Madigan, ComEd face racketeering suit for over $450 million in ratepayer damages

Madigan, ComEd face racketeering suit for over $450 million in ratepayer damages

Six House Democrats have called for the longtime speaker to step down.

Illinois House Speaker Michael Madigan and Commonwealth Edison are accused of racketeering in a civil lawsuit seeking at least $450 million in damages for utility customers.

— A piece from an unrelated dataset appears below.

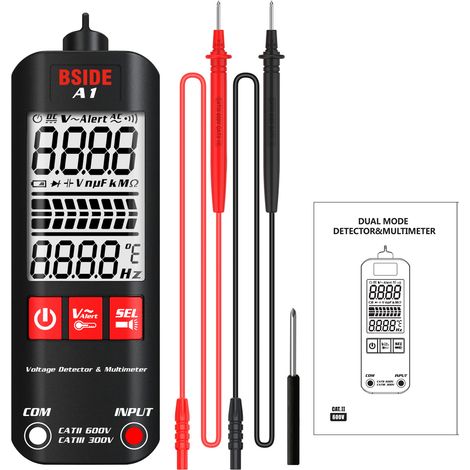 Multimetro digitale intelligente A1, mini rilevatore di tensione senza contatto con sensibilità regolabile, tester automatico di tensione, continuità, resistenza e frequenza con custodia e coperchio. (1/5)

The lawsuit filed Aug. 10 stems from the prosecution agreement ComEd signed that outlines $1.3 million in contracts and bribes to Madigan cronies intended to curry his support for legislative benefits worth at least $150 million. That $150 million in “ill-gotten gains” to which ComEd admitted plus at least $300 million in damages allowed under the Racketeer Influenced and Corrupt Organizations Act should be paid to ratepayers, lawyers argue.

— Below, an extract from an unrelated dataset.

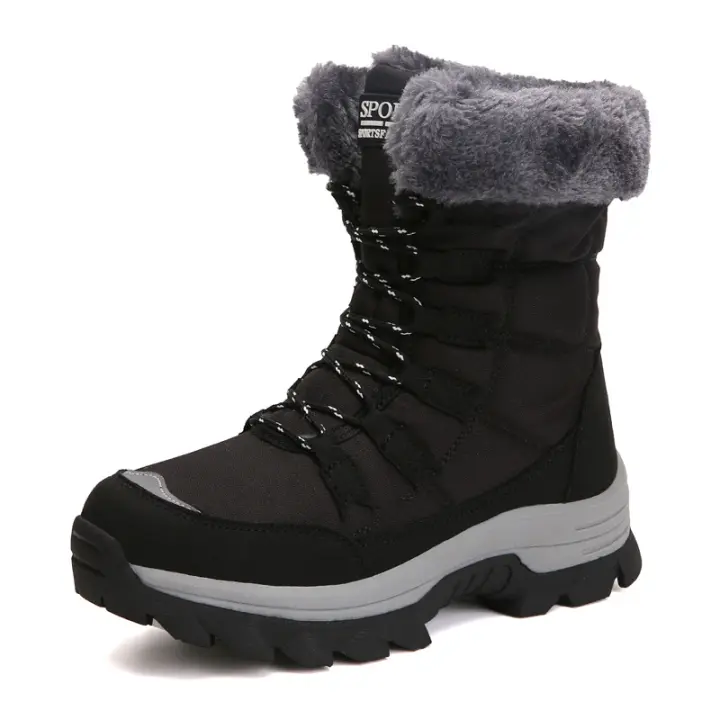 Botas de nieve cálidas de invierno para mujer, botas cortas de algodón de felpa, zapatos con cordones para exteriores para mujer - 1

The lawsuit also seeks to curb Madigan’s power to legislate utility issues or shape politics.

“We filed our civil RICO case now to protect Illinois ratepayers from further damage by Michael Madigan – in both his capacity as Speaker and as Chair of the Democratic Party of Illinois – and also to get our clients back the damages they have suffered from ComEd’s and Madigan’s bribery scheme,” attorney Stuart Chanen, a former federal prosecutor, told The Center Square.

Attorneys are seeking class-action status in U.S. District Court for the Northern District, Eastern Division. The civil suit is the third since the ComEd prosecution agreement was filed July 17.

“We apologize for the past conduct that did not live up to our values and have made significant improvements to our compliance practices to ensure that nothing like it ever happens again,” ComEd spokesman Paul Elsberg told the Chicago Tribune after an earlier lawsuit was filed. “The improper conduct described in the deferred prosecution agreement, however, does not mean that consumers were harmed by the legislation that was passed in Illinois.”

The prosecution agreement includes ComEd’s promise to cooperate with federal prosecutors and pay a $200 million penalty. It involves regulations in the Illinois House starting in 2011, but Elsberg said reliability is up and rates are down now as a result of state lawmakers’ actions.

Madigan has not been charged with a crime. He has refused to resign from his leadership roles despite calls from nine Democratic state lawmakers and over 50 other Democratic leaders, including two former gubernatorial candidates.

Some of those Democratic lawmakers have pushed for Madigan’s ouster because they fear he will damage efforts to pass their “fair tax” on Nov. 3. That fear is warranted.

Federal corruption probes have targeted or resulted in charges against five of the state lawmakers responsible for pushing the hike in state income taxes. The referendum asks voters to abandon the Illinois Constitution’s flat tax protection and entrust state lawmakers with greater power to decide who is taxed by how much, including taxes on retirees, a marriage penalty and taxes up to 47% higher on the small businesses that create most of Illinois’ jobs.

With Illinois Gov. J.B. Pritzker also facing a federal probe of an attempt to dodge $331,000 in property taxes, voters’ ability to trust state leaders with more power over their taxes may be too low for Pritzker to buy back – even with a $56.5 million persuasion campaign.